— Appeal by the defendant from a judgment of the Supreme Court, Queens County (Hanophy, J.), rendered September 20, 1990, convicting him of criminal possession of a weapon in the third degree, upon a jury verdict, and imposing sentence.
Ordered that the judgment is modified, as a matter of discretion in the interest of justice, by reducing the defendant’s conviction of criminal possession of a weapon in the third degree to criminal possession of a weapon in the fourth degree, and vacating the sentence imposed; as so modified, the judgment is affirmed, and the matter is remitted to the Supreme Court, Queens County, for resentencing.

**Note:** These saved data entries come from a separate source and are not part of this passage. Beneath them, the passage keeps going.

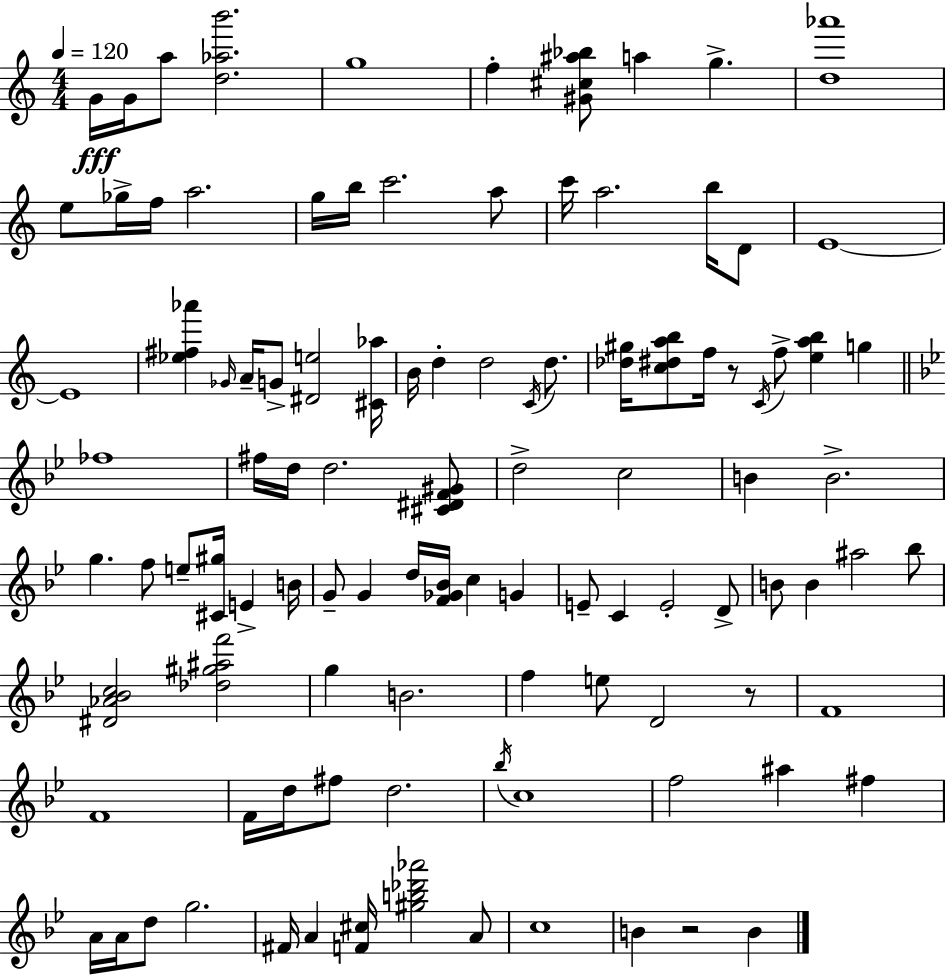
G4/s G4/s A5/e [D5,Ab5,B6]/h. G5/w F5/q [G#4,C#5,A#5,Bb5]/e A5/q G5/q. [D5,Ab6]/w E5/e Gb5/s F5/s A5/h. G5/s B5/s C6/h. A5/e C6/s A5/h. B5/s D4/e E4/w E4/w [Eb5,F#5,Ab6]/q Gb4/s A4/s G4/e [D#4,E5]/h [C#4,Ab5]/s B4/s D5/q D5/h C4/s D5/e. [Db5,G#5]/s [C5,D#5,A5,B5]/e F5/s R/e C4/s F5/e [E5,A5,B5]/q G5/q FES5/w F#5/s D5/s D5/h. [C#4,D#4,F4,G#4]/e D5/h C5/h B4/q B4/h. G5/q. F5/e E5/e [C#4,G#5]/s E4/q B4/s G4/e G4/q D5/s [F4,Gb4,Bb4]/s C5/q G4/q E4/e C4/q E4/h D4/e B4/e B4/q A#5/h Bb5/e [D#4,Ab4,Bb4,C5]/h [Db5,G#5,A#5,F6]/h G5/q B4/h. F5/q E5/e D4/h R/e F4/w F4/w F4/s D5/s F#5/e D5/h. Bb5/s C5/w F5/h A#5/q F#5/q A4/s A4/s D5/e G5/h. F#4/s A4/q [F4,C#5]/s [G#5,B5,Db6,Ab6]/h A4/e C5/w B4/q R/h B4/q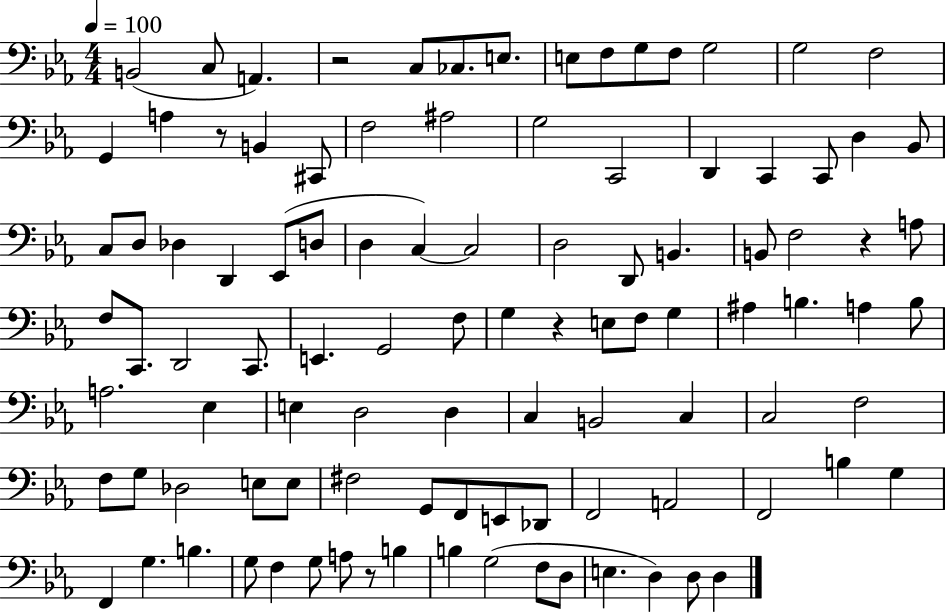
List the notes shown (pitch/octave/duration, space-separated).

B2/h C3/e A2/q. R/h C3/e CES3/e. E3/e. E3/e F3/e G3/e F3/e G3/h G3/h F3/h G2/q A3/q R/e B2/q C#2/e F3/h A#3/h G3/h C2/h D2/q C2/q C2/e D3/q Bb2/e C3/e D3/e Db3/q D2/q Eb2/e D3/e D3/q C3/q C3/h D3/h D2/e B2/q. B2/e F3/h R/q A3/e F3/e C2/e. D2/h C2/e. E2/q. G2/h F3/e G3/q R/q E3/e F3/e G3/q A#3/q B3/q. A3/q B3/e A3/h. Eb3/q E3/q D3/h D3/q C3/q B2/h C3/q C3/h F3/h F3/e G3/e Db3/h E3/e E3/e F#3/h G2/e F2/e E2/e Db2/e F2/h A2/h F2/h B3/q G3/q F2/q G3/q. B3/q. G3/e F3/q G3/e A3/e R/e B3/q B3/q G3/h F3/e D3/e E3/q. D3/q D3/e D3/q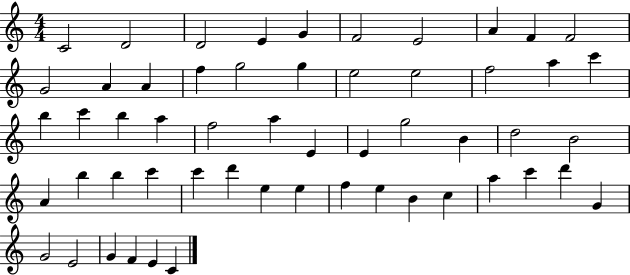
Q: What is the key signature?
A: C major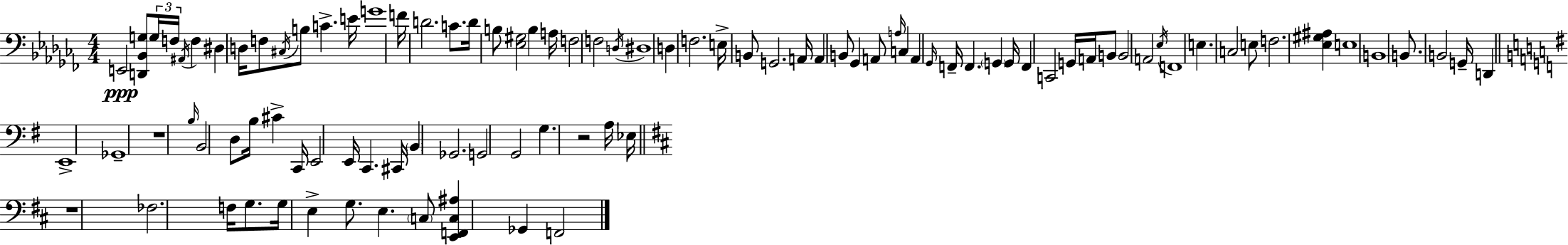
{
  \clef bass
  \numericTimeSignature
  \time 4/4
  \key aes \minor
  \repeat volta 2 { e,2\ppp <d, bes, g>8 \tuplet 3/2 { g16 f16 \acciaccatura { ais,16 } } f4 | dis4 d16 f8 \acciaccatura { cis16 } b8 c'4.-> | e'16 g'1 | f'16 d'2. c'8. | \break d'16 b8 <ees gis>2 b4 | a16 f2 f2 | \acciaccatura { d16 } dis1 | d4 f2. | \break e16-> b,8 g,2. | a,16 a,4 b,8 ges,4 a,8 \grace { a16 } | c4 a,4 \grace { ges,16 } f,16-- f,4. | \parenthesize g,4 g,16 f,4 c,2 | \break g,16 a,16 b,8 b,2 a,2 | \acciaccatura { ees16 } f,1 | e4. c2 | e8 f2. | \break <ees gis ais>4 e1 | b,1 | b,8. b,2 | g,16-- d,4 \bar "||" \break \key g \major e,1-> | ges,1-- | r1 | \grace { b16 } b,2 d8 b16 cis'4-> | \break c,16 e,2 e,16 c,4. | cis,16 \parenthesize b,4 ges,2. | g,2 g,2 | g4. r2 a16 | \break ees16 \bar "||" \break \key d \major r1 | fes2. f16 g8. | g16 e4-> g8. e4. \parenthesize c8 | <e, f, c ais>4 ges,4 f,2 | \break } \bar "|."
}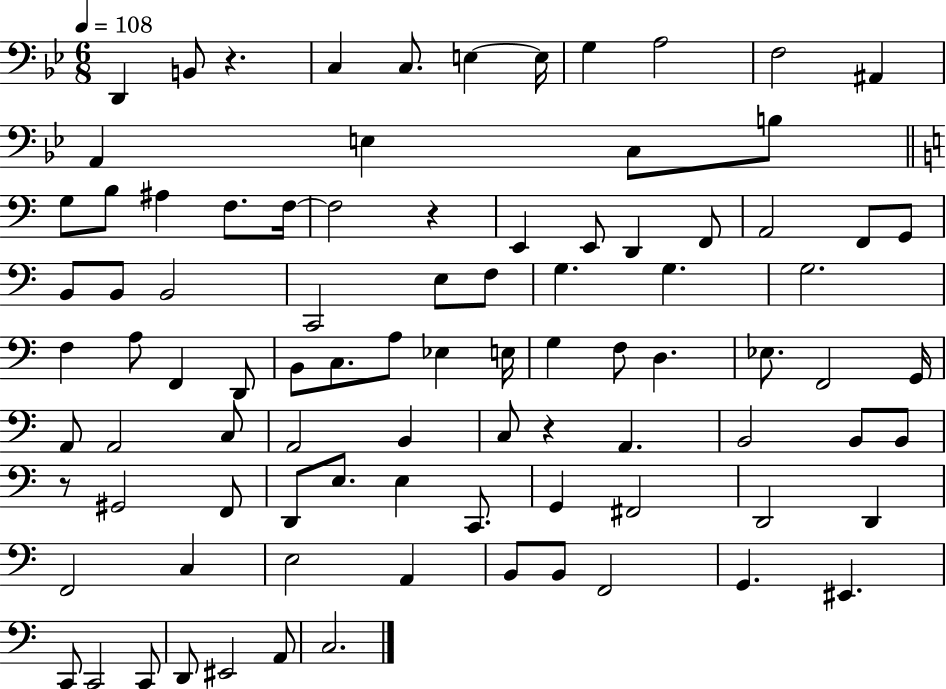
X:1
T:Untitled
M:6/8
L:1/4
K:Bb
D,, B,,/2 z C, C,/2 E, E,/4 G, A,2 F,2 ^A,, A,, E, C,/2 B,/2 G,/2 B,/2 ^A, F,/2 F,/4 F,2 z E,, E,,/2 D,, F,,/2 A,,2 F,,/2 G,,/2 B,,/2 B,,/2 B,,2 C,,2 E,/2 F,/2 G, G, G,2 F, A,/2 F,, D,,/2 B,,/2 C,/2 A,/2 _E, E,/4 G, F,/2 D, _E,/2 F,,2 G,,/4 A,,/2 A,,2 C,/2 A,,2 B,, C,/2 z A,, B,,2 B,,/2 B,,/2 z/2 ^G,,2 F,,/2 D,,/2 E,/2 E, C,,/2 G,, ^F,,2 D,,2 D,, F,,2 C, E,2 A,, B,,/2 B,,/2 F,,2 G,, ^E,, C,,/2 C,,2 C,,/2 D,,/2 ^E,,2 A,,/2 C,2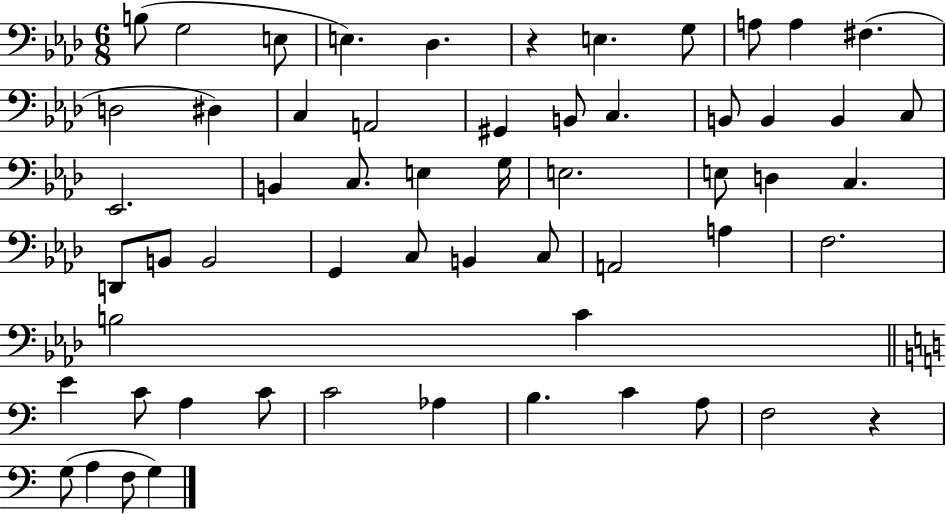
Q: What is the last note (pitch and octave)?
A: G3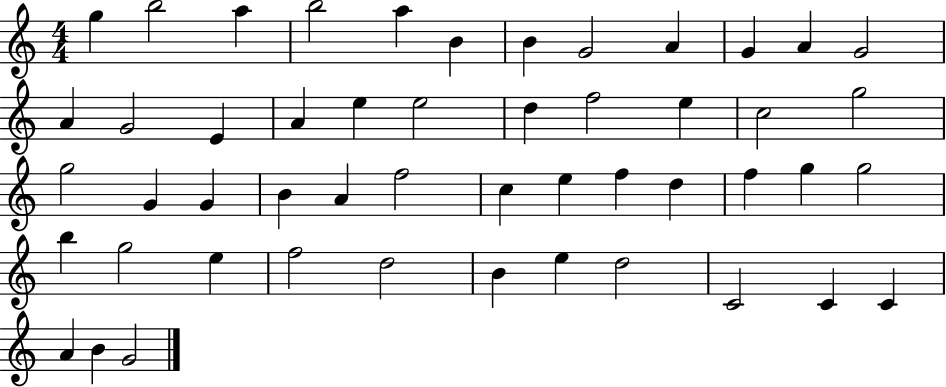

A necessary element of criminal possession of a weapon in the third degree as defined by Penal Law § 265.02 (4) is that the accused possess a "loaded firearm” (People v Khan, 146 AD2d 806; People v Sutton, 98 AD2d 785). Penal Law § 265.00 (15) defines a "loaded firearm” as "any firearm loaded with ammunition or any firearm which is possessed by one who, at the same time, possesses a quantity of ammunition which may be used to discharge such firearm”. In this case, the People failed to establish that there was ammunition in the weapon or that the defendant possessed ammunition (see generally, People v Rodriguez, 68 NY2d 674, revg 113 AD2d 337, on dissenting opn at 343-348). Accordingly, in the interest of justice, we modify the defendant’s conviction to the lesser included offense of criminal possession of a weapon in the fourth degree. Criminal possession of a weapon in the fourth degree merely requires possession of "any firearm” (Penal Law § 265.01 [1]; People v Cromwell, 150 AD2d 715; People v Funchess, 137 AD2d 831; People v Weeden, 89 AD2d 814).
We have examined the defendant’s remaining contentions and find them to be without merit. Harwood, J. P., Eiber, Ritter and Copertino, JJ., concur.